I'm not clear on why CStr can't already be a thin pointer.

[burdges]

Any map T -> dyn U for T: !Sized sounds quite extreme for Rust. It'd require Box, et al. magically copy the vtable somewhere, not sure that's zero cost, and really not sure what all that breaks.

I think previous discussions indicate that truly unsized types should panic whenever accessing their size or alignment, so align_of_val and size_of_val should never access their data pointer.

If I understood, Rust could add some TrueCStr (name?) which yields thin pointers, and maybe even makes align_of_val work, but for which size_of_val panics. It'd still have a method like strlen and a conversion into slices.

[kennytm]

but for which size_of_val panics

that would make Box<CStr> crash

[mahkoh]

Please let's stop this academic discussion around CStr. CStr will never be changed simply because it would

1) Completely change the performance characteristics of a core type that is relied upon by lots of production code. 2) Break all code that relies on transmuting CStr to [u8] of which I assume there is much.

People who actually want a thin pointer to null terminated strings have written such a thing themselves years ago and have no need for a thin CStr.

---

Feel free to talk about new forms of metadata in general.

[RalfJung]

I don't know how to even implement this. Imagine

union Example {
  a: str,
  b: String,
}

Now, given &Example (which I suppose is a wide pointer), how do you determine the size?

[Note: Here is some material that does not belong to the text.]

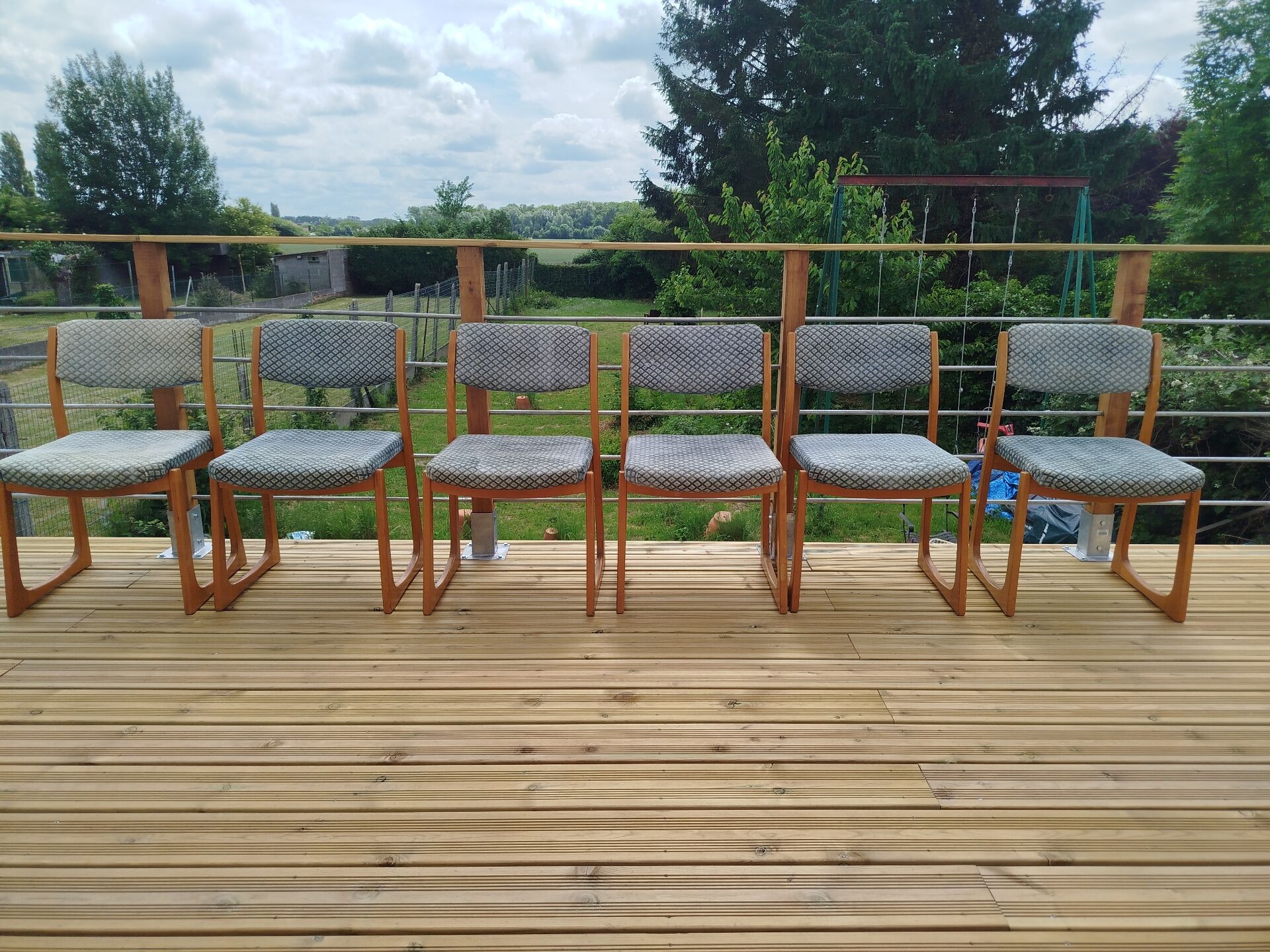 Ensemble de 6 chaises traineau, années 70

Note that not even enums can have unsized fields currently, and that seems like a strictly simpler problem since for enums we know which variant they are in. So I think we should specify, implement, and gather experience with unsized enums before venturing into the land of unsized unions.

[mahkoh]

I don't know how to even implement this. Imagine

union Example {
  a: str,
  b: String,
}

Now, given &Example (which I suppose is a wide pointer), how do you determine the size?

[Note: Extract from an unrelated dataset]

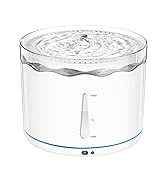 OurMiao Smart Cat Water Fountain, 74oz/2.2L Cat Fountain with Filter, LED Light, Silent Pump, Det...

How do you construct &Example? Presumably with transmute? In this case you would either transmute it from &str or from [&String, 0]. So the size would be max(metadata, sizeof(String)). Or more generally for [T] fields:

max(metadata * sizeof(T), sizeof(union without the unsized field))

(Rounded up to the correct alignment.)

Automatic unsizing of [T; N] fields would of course set the metadata to the correct value just like unsizing &[T; N] would.

Note that not even enums can have unsized fields currently, and that seems like a strictly simpler problem since for enums we know which variant they are in.

I think enums are significantly more complicated in this case. The &Example above can be constructed via transmute. If it were an enum, this would not be possible.

[RalfJung]

How do you construct &Example?

That doesn't matter for my question. No matter how it is constructed, you have to be able compile code like

fn example1(e: &Example) -> usize { mem::size_of_val(e) }

fn example2(e: Box<Example>) { drop(e) }

in a uniform way, without knowing how the arguments got created.

[RalfJung]

max(metadata * sizeof(T), sizeof(union without the unsized field))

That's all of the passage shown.